Task item:
Return the lines below exactly, from the first line to the line that contains "Villeroy & Boch". Leave out pictures.

The data:
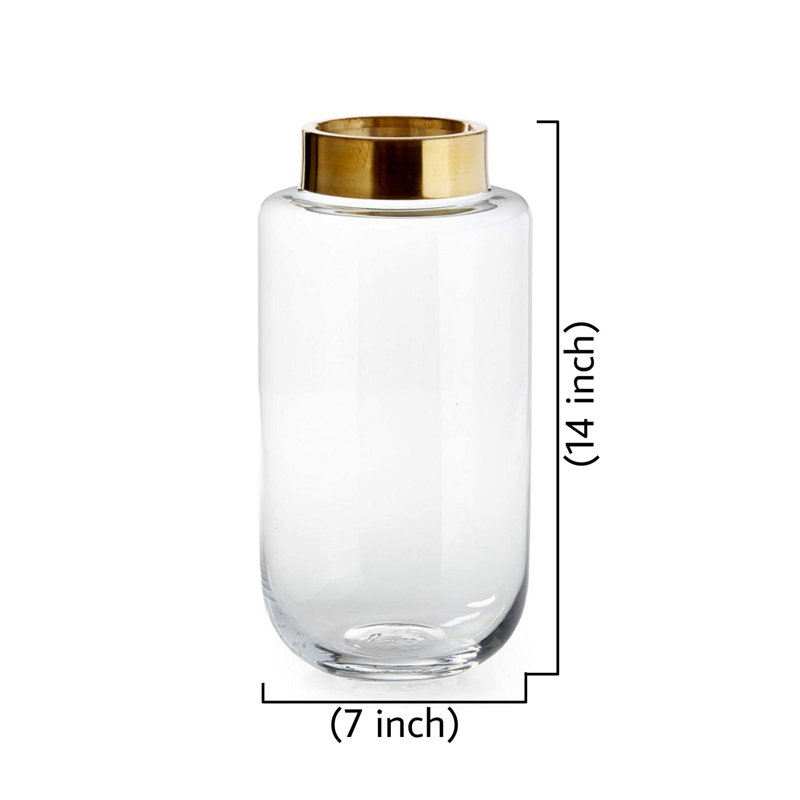 Vase de table en verre transparent Serenity, H 14 po x l 7 po x P 7 po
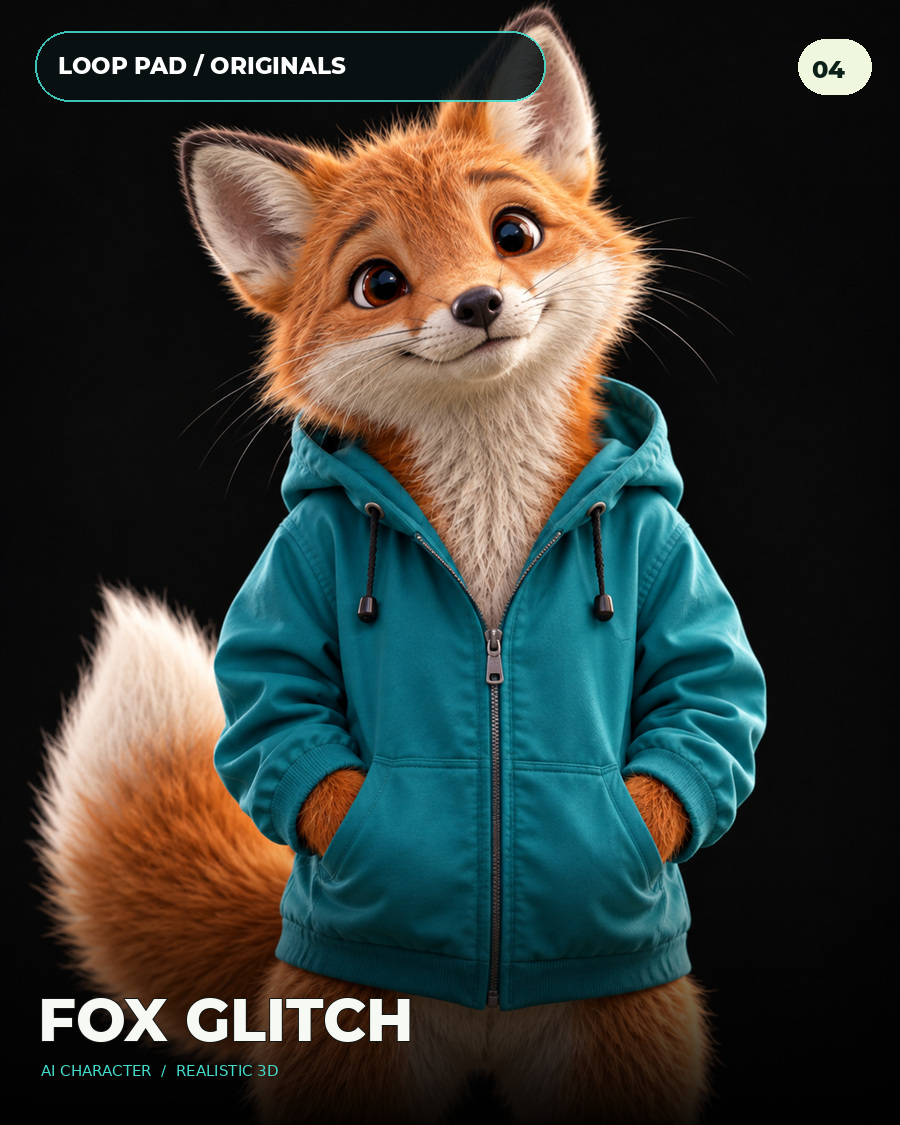 3D orange fox wearing a teal hoodie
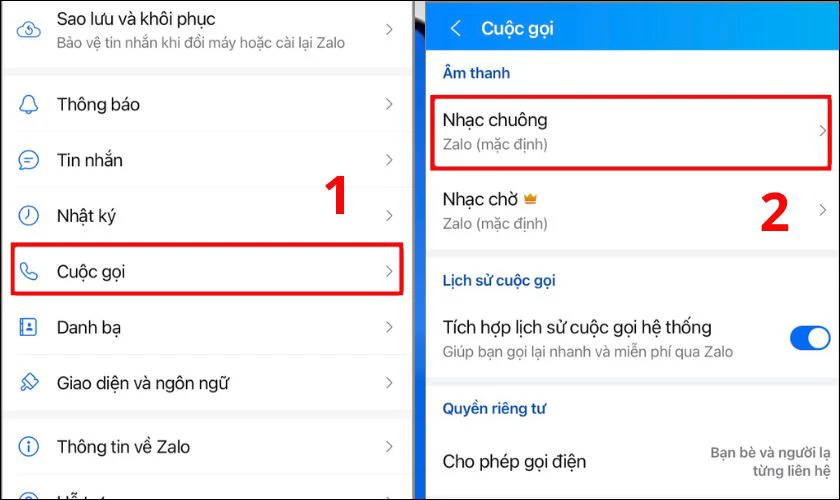 Chọn Cuộc gọi, nhấn vào Nhạc chuông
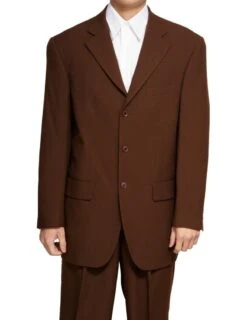 Mont Blanc Collection - Regular Fit Suit 3 Button 2 Piece In Brown
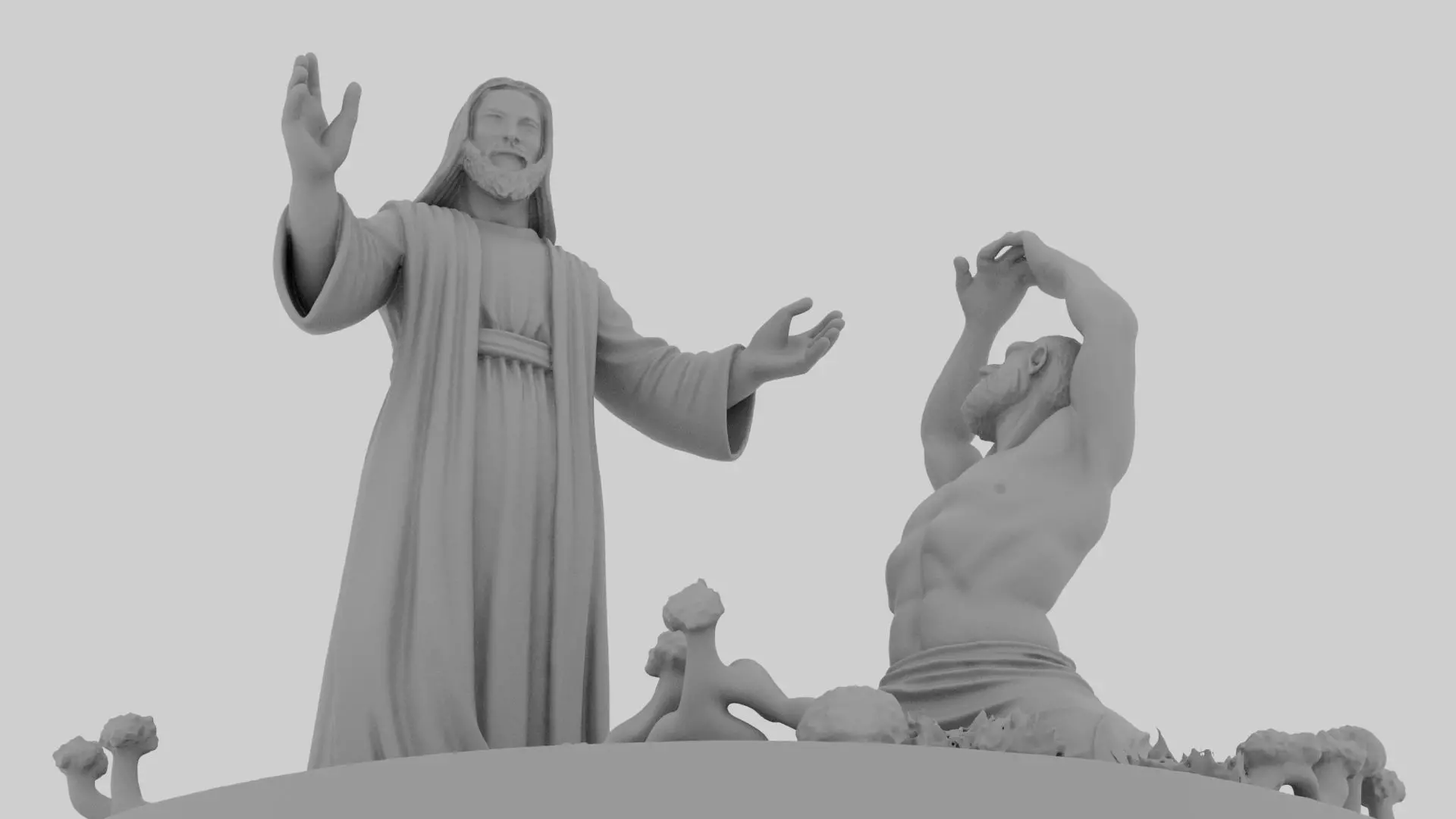 Jesus heals the demon possessed man 3D print model_3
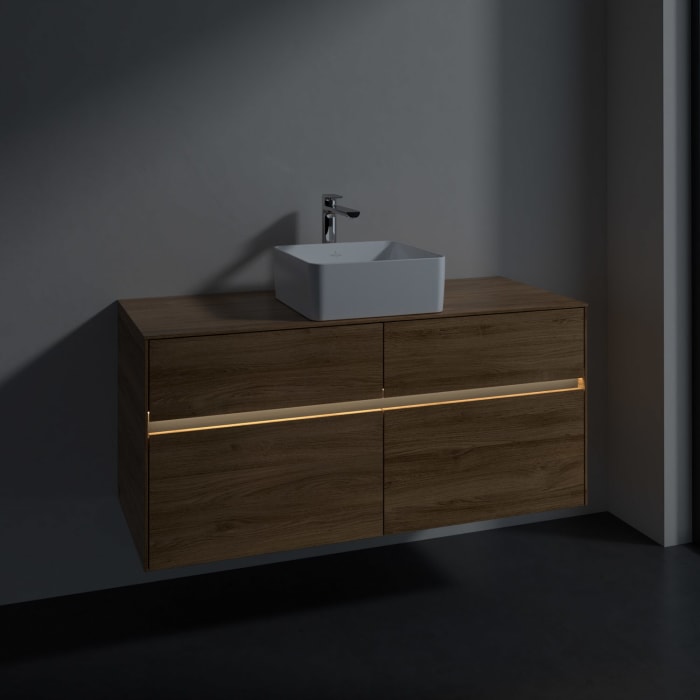 Villeroy & Boch Collaro Waschtischunterschrank 120 x 54,8 cm mit 4 Auszügen und LED Licht, für WT mittig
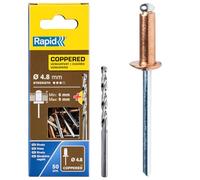 Rapid - Rivets Cuivrés en Alu - Ø4.8 x 12 mm - 50pcs avec Foret | Revêtement Cuivré, Rivets Aveugles pour Gouttières / Tuyaux / Tôle - Plage de serrage 6-9mm - Boîte carton (5001467)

Result:
 Vase de table en verre transparent Serenity, H 14 po x l 7 po x P 7 po
 3D orange fox wearing a teal hoodie
 Chọn Cuộc gọi, nhấn vào Nhạc chuông
 Mont Blanc Collection - Regular Fit Suit 3 Button 2 Piece In Brown
 Jesus heals the demon possessed man 3D print model_3
 Villeroy & Boch Collaro Waschtischunterschrank 120 x 54,8 cm mit 4 Auszügen und LED Licht, für WT mittig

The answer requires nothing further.